Voltou a falar-se de convergência – 1

Convergência foi um dos argumentos usados e abusados pelos promotores da moeda única para a União Europeia “em construção”, depois da substituição do Tratado de Roma (de 1956, a 6-República Federal da Alemanha, Bélgica, França, Holanda, Itália e Luxemburgo e, mais tarde a 9-6 mais Dinamarca, Irlanda e Reino Unido ) pelo Tratado de Maastrich (de 1992, então já a 12- com mais a Grécia, Espanha e Portugal e a absorção da ex-República Democrática da Alemanha pela RFA).
Enquanto prosseguia o alargamento (para 15, com Áustria, Finlândia e Suécia), preparavam-se em conferências inter-governamentais (CIG) – cujas decisões tinham, então, necessidade de ratificação democrática, ou seja, do povo ou seus representantes directos – a União Económica e Monetária (UEM) e a União Política (UP).

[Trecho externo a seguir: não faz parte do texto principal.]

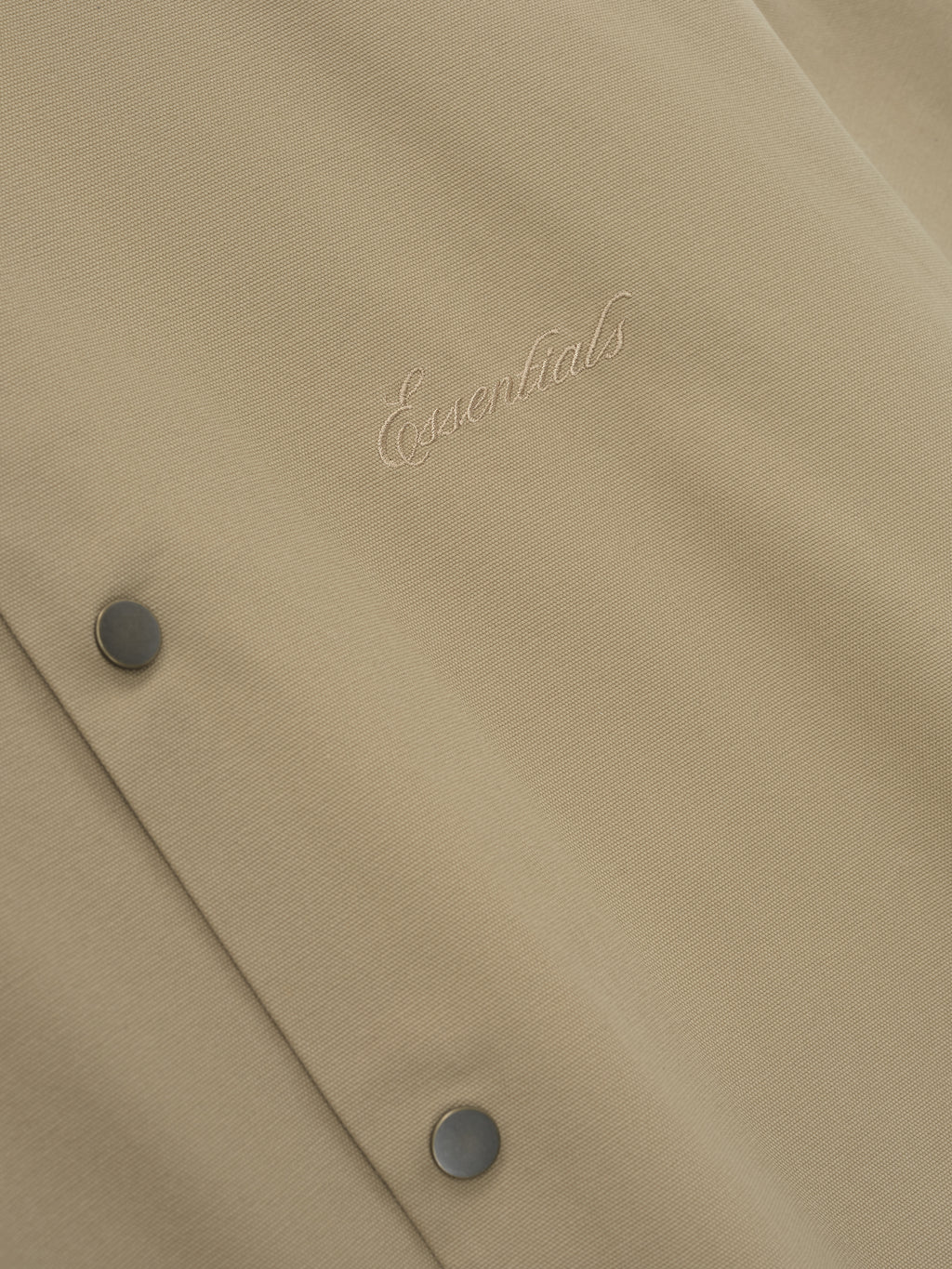 Close-up of beige fabric with tonal cursive "Essentials" embroidery and two matte snap buttons on textured material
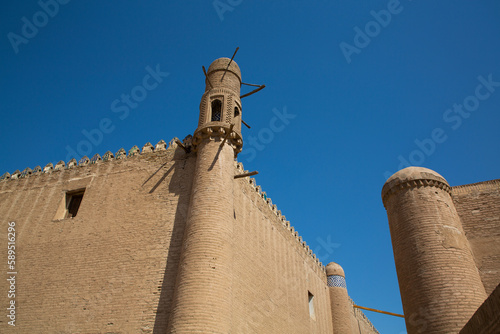 Tower, Outer Wall of Tosh HovIi Palace, Ichon Qala (Itchan Kala), UNESCO World Heritage Site, Khiva, Uzbekistan photo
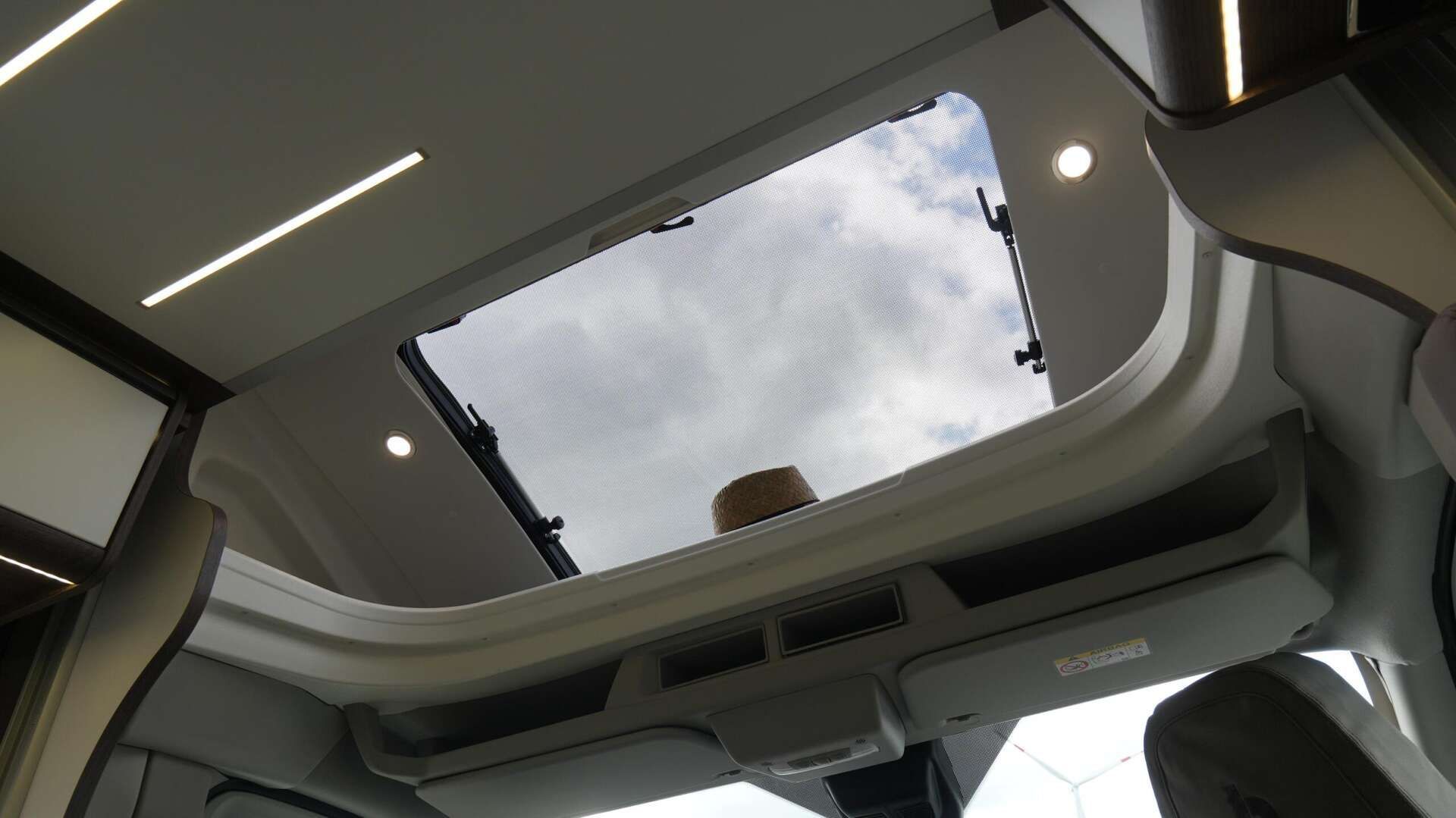 Het interieur van een camperbusje met een open dakraam dat uitzicht biedt op een bewolkte hemel, een opbergplank en verlichting.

A UEM, com variados tropeços pelo caminho, concretizar-se-ia com a moeda única e o Banco Central Europeu e, na sua promoção, muito se acenava com a aproximação dos níveis de vida, a diminuição das assimetrias e desigualdades, através de uma convergência das economias nacionais.

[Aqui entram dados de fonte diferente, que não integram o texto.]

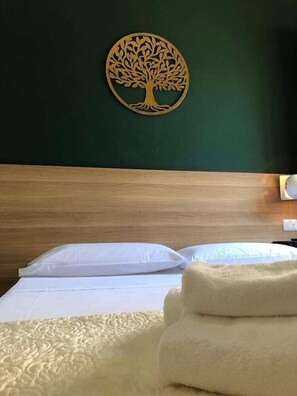 A neatly made bed with white linens and a tree-shaped wall decoration. - Il Piccoloalbergo (Matera)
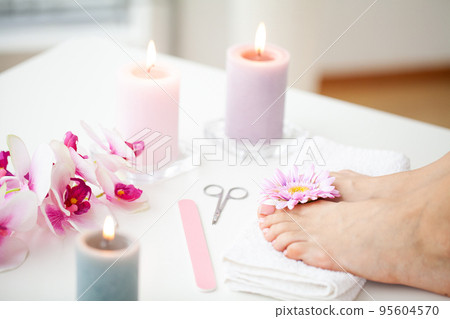 Female Feet at Spa Salon on Pedicure Procedure. Female Feet at Spa Salon on Pedicure Procedure. 95604570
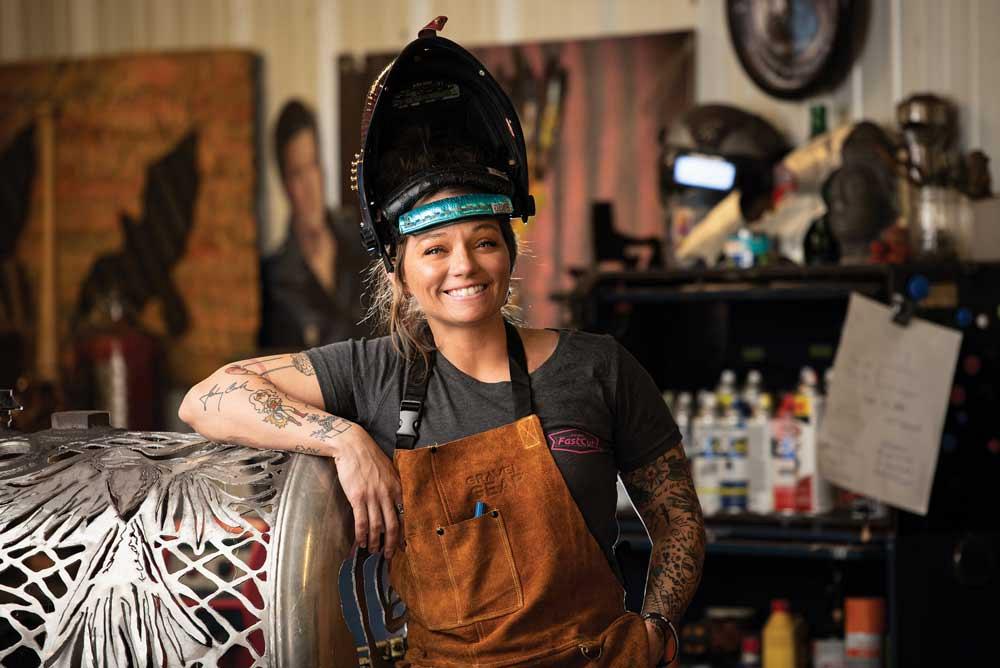 Artist breaking the cycle with welded metal art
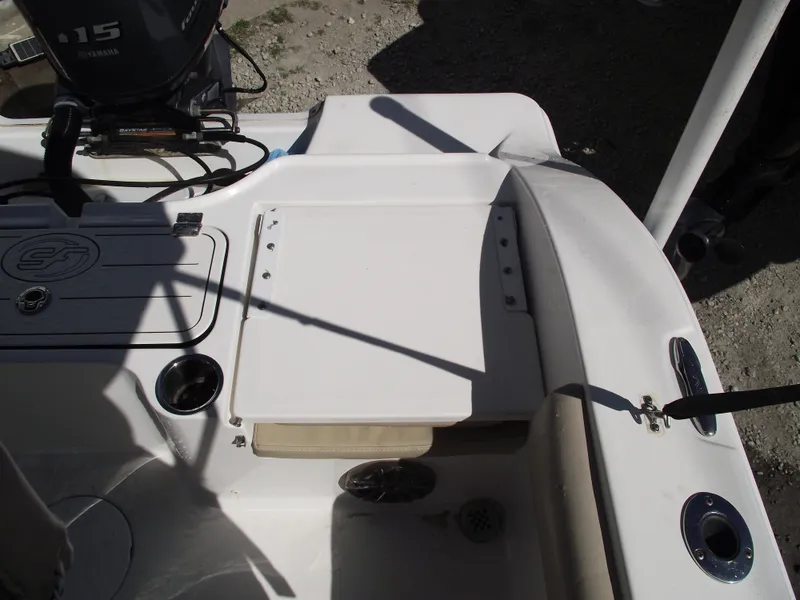 Slide: The Image of 2016 Sea Fox 186 Commander boat interior with storage compartment and Yamaha engine. - 28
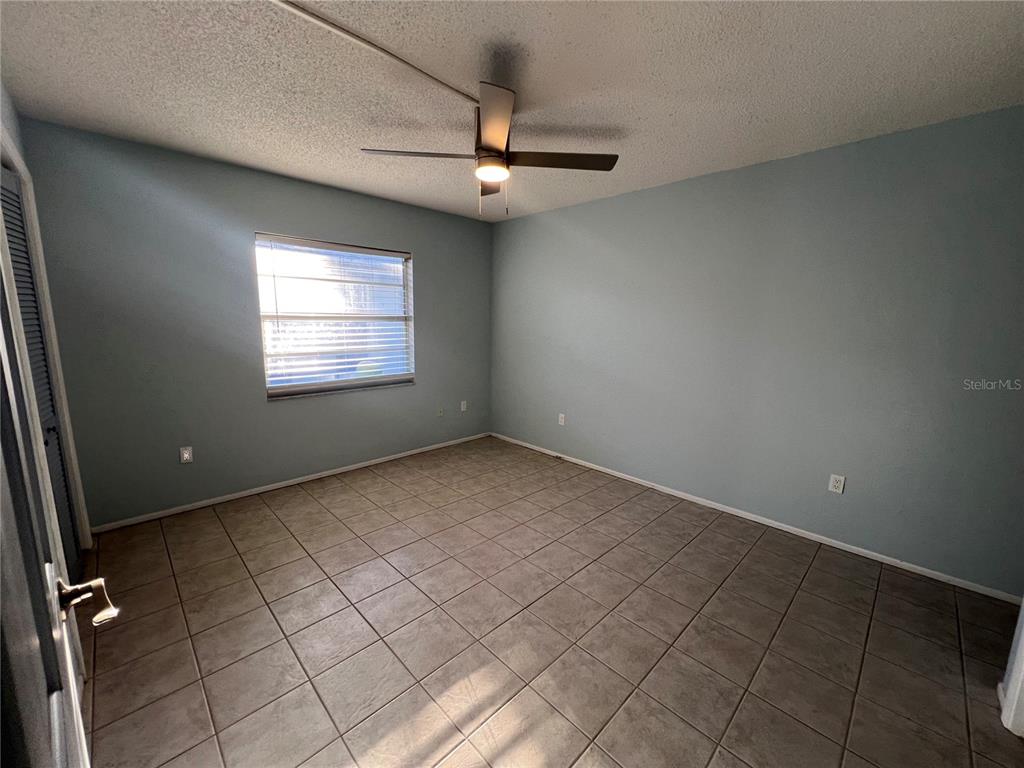 810 Kings Court, Unit D Punta Gorda, FL 33950 - Photo 5 of 10 an empty room with windows and ceiling fan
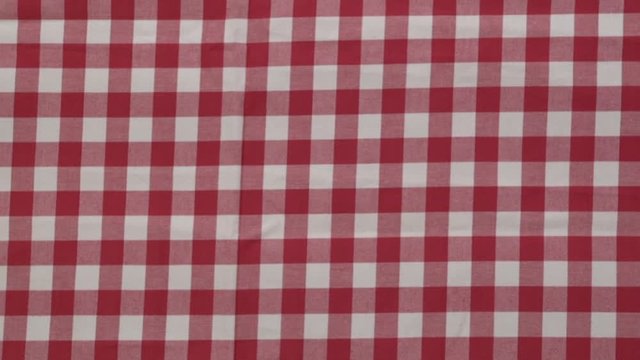While the wooden table is covered by the red-white checkered tablecloth, the top view. Stock Video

Por dever de ofício, há muitos anos procuro acompanhar, com as medidas que existem (em Roma, que remédio se não ser romano…), a evolução do chamado PIB de Portugal.

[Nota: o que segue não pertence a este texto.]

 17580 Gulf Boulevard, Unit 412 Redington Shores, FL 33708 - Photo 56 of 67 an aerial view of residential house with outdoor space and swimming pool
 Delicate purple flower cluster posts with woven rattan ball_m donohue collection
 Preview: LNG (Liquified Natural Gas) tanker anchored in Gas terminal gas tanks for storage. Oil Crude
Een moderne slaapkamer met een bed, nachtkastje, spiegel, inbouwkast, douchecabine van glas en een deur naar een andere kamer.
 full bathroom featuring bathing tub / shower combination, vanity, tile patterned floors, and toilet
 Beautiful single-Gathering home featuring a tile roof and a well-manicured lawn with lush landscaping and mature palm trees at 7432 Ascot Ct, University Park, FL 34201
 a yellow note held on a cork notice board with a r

Recorrendo a vários trabalhos dispersos (publicados alguns em diversos locais), vou usar gráficos que me parecem esclarecedores:
1. Para começar, uma vista geral, de antes de Roma… (do Tratado dos tratantes…) até chegar a hora da “europa connosco” (ou de nós na “europa”) e a dita convergência

onde, sumariamente, se podem observar a quase estagnação no início do período, alguma evolução com o 2º Plano de Fomento e o Plano Intercalar (1965/7), a guerra colonial e a Nova Política Industrial, que se arrasta até ao 1974 (25deAbril), quando a economia portuguesa começa a descolar e cresce, ao mesmo tempo que se opta pela financeirização e o afunilamento.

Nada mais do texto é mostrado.